Haiti Policy Statement for the Obama Team
Ezili's Haitian Lawyers Leadership Network ("HLLN") January 17, 2009
EXECUTIVE SUMMARY: A New US-Haiti Partnership is essential. Below is the Haitian Lawyers Leadership Network (HLLN)'s policy statement. It outlines what Haitian-Americans are working to change in collaboration with the new US Congress and President Obama so to implement a more effective foreign polity with Haiti that centers on promoting sustainable development, self-sufficiency, and a sovereign, prosperous and stable Haiti.
INTRODUCTION
Haitian-Americans proposal for Action/Resolution:
Priorities
Stop the United States' unequal immigration treatment of Haitian refugees, grant Temporary Protected Status (TPS) and work permits to Haitian nationals in the US with a specification to stop all deportations until Haiti has recovered from the ravages of hurricanes, floods and instability. Haitians in the United States should receive equal treatment and protection under all the immigration laws. Four tropical storms and hurricanes battered Haiti during last year's harvest season, killing almost 1,000 people nationwide, decimating Haiti's agriculture and causing $1 billion in damage to irrigation, bridges and roads. Haiti qualifies for Temporary Protected Status (TPS) and should be granted this disaster relief.
But, the U.S. has never granted Haitians TPS, which permits short-term residency to nationals from countries that are enduring political or environmental turbulence. In 2002 the Bush administration renewed TPS for Nicaraguan and Honduran immigrants owing to Hurricane Mitch in 1998. At this point, Haiti is in much worse shape than Central Americans were at the time. The damage in Haiti is worst than three times the damage left after Hurricane Katrina in New Orleans. In Haiti, mudslides still cover entire towns. Houses are flooded. Schools have collapsed on children and people are starving. It's inhumane to deport Haitian back to Haiti under these devastating conditions, where they will find no home, no employment, no food, no personal safety and security.

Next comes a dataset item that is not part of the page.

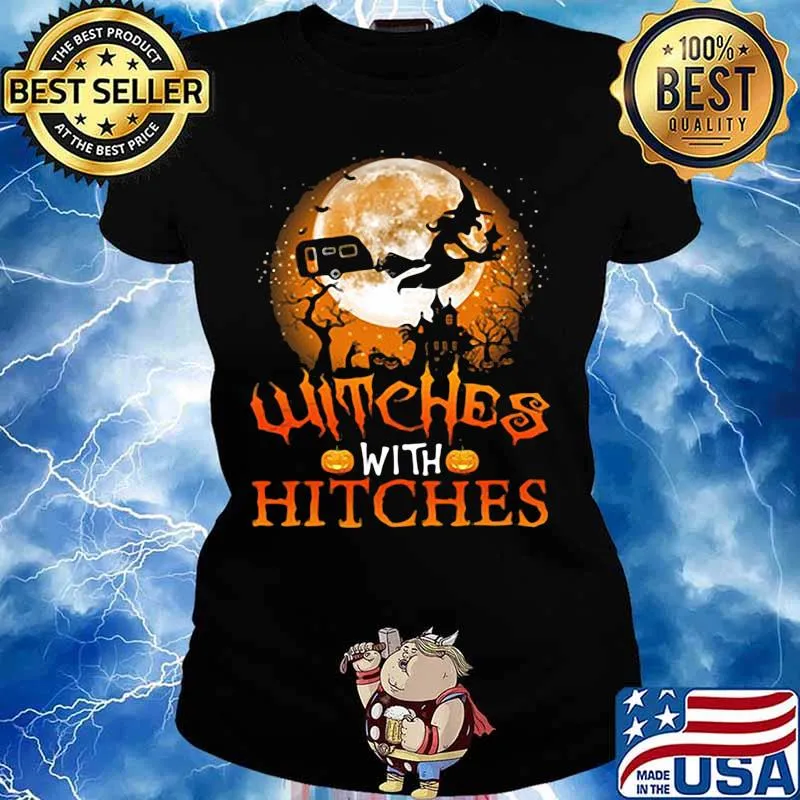 Official Witches With Hitches Halloween s Ladies tee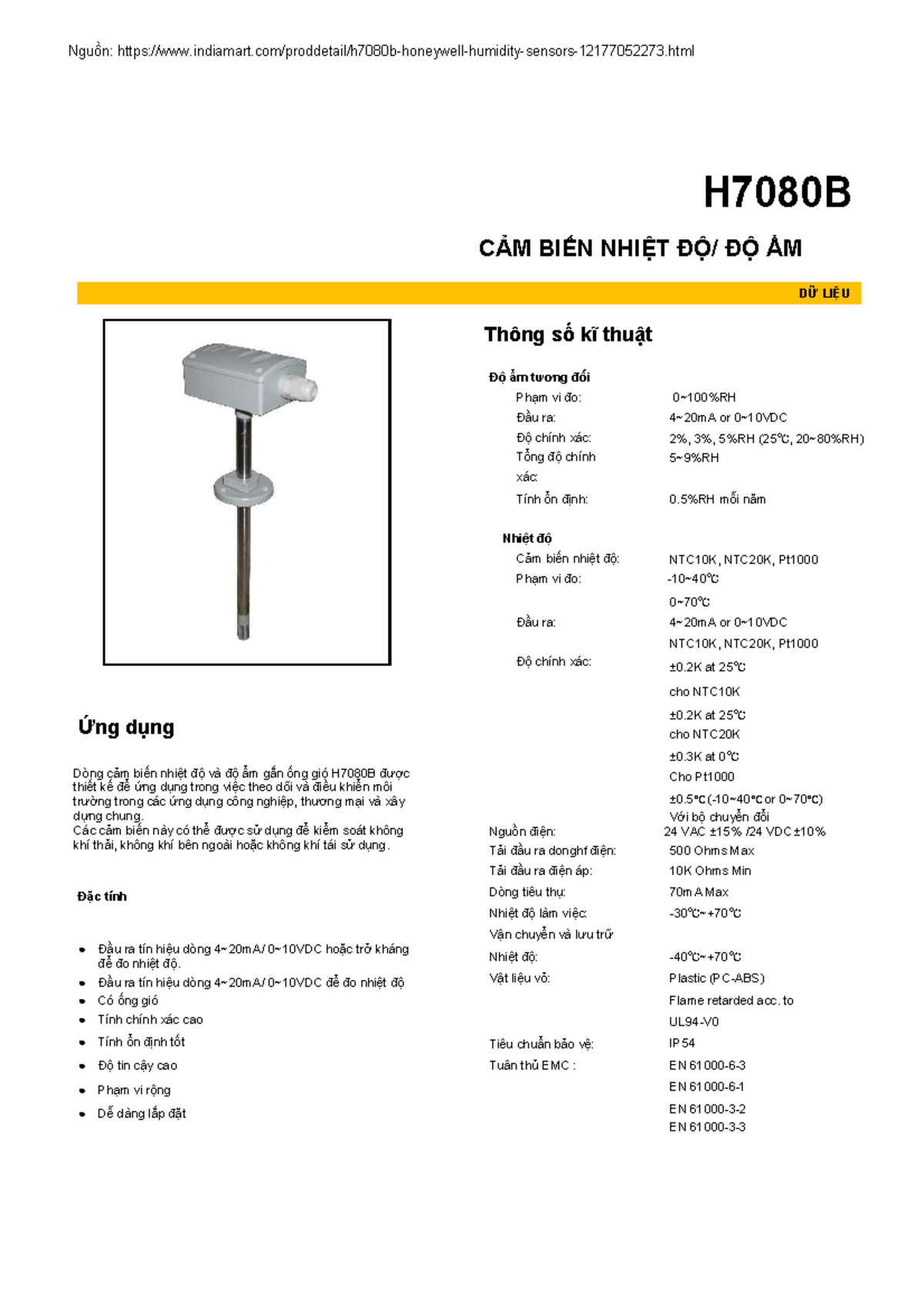 Honeywell-humidity-sensors - DỮ LIỆU Nguồn: - Studocu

2. End the UN military occupation
The U.N. troops in Haiti are paid $601.58 million per year and have been in Haiti for four years. That is $50.13 million per month, $1.64 million per day. Yet, during the recent floods and hurricane season in Haiti, the Haitian President had to call for international help from the international community. Wasn't that help already in Haiti, to the tune of 9,000 U.N. - MINUSTAH- troops already cashing in $1.64 million per day? Why are they there, if incapable of providing emergency help? If they had not one amphibious unit, temporary bridge, caravan of trucks or equipment to reach Haitians in distress, what use are they to the people of Haiti? Are their war tanks, heavy artillery, guns and military presence in Haiti making Haitians more secure, more safe, more free, more prosperous, better nourished, educated and healthier than before they landed four years ago? No.

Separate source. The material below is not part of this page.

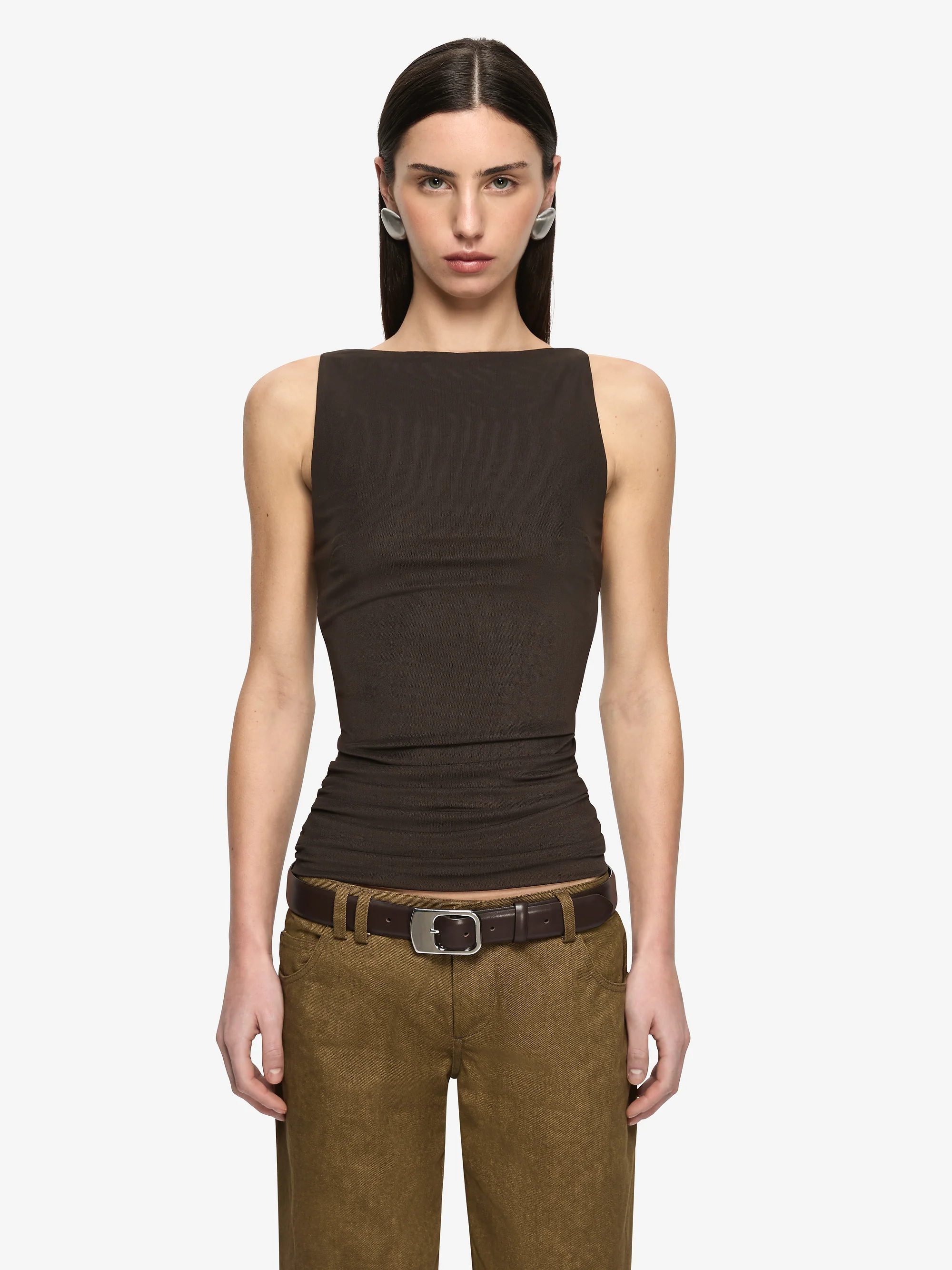 ALYNA BACKLESS TOP - BITTER CHOC/BLACK - Image 3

End the UN military occupation. Haiti needs development/infrastructure assistance, poverty reduction assistance, tractors not tanks and guns. Community policing, not war soldiers.

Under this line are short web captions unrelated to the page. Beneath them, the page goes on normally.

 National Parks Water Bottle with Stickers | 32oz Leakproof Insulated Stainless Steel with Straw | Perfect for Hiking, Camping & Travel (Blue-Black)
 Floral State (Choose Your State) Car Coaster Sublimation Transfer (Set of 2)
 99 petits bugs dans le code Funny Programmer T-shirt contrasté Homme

3. Cancel immediately and without conditions all Haiti debt to international financial institutions, including old Duvalier-dictatorship debts
Haiti is suffering famine, the repercussions of the 2004 US-supported coup d'etat and the ravages of the greatest natural disaster in remembered history, three times greater than the Katrina damage. Yet, instead of using its resources to provide relief for its people, Haiti is forced to pay out in excess of one million dollars, per month, to foreign banks.
4. Began reciprocal trade.
Stop failed policies and effectively trading through USAID, churches and predator NGOs. A great portion of food aid from such entities do not reach the intended beneficiaries in Haiti and, end up for sale in the marketplace. Start fair trading with Haiti and supporting grassroots, indigenous Haiti capacity building organizations. USAID denies Haitian sovereignty and progress by blocking, declining, subverting any direct assistance to empower the Haitian government while engineering so that the majority of Haiti's national budget (provided by the international community as a consequence the 2004 Bush/USAID regime change) is currently managed by its approved non-governmental organizations. For instance, some 800 NGOs control part of the budget, thoroughly undermining the state's ability to deal with the famine and food crisis.
Direct that the U.S. re-orientate its resource allocation to Haiti to trade with the Haitian government, not, in effect, with the U.S. Agency of International Development ("USAID"), foreign NGO's, churches and charities in the name of Haitians. For this US foreign policy effectively forms a shadow government enchaining Haiti that undermines Haiti’s sovereignty, emboldens and empowers NGOs with no public responsibility or accountability to Haitians or Haiti’s long term well-being.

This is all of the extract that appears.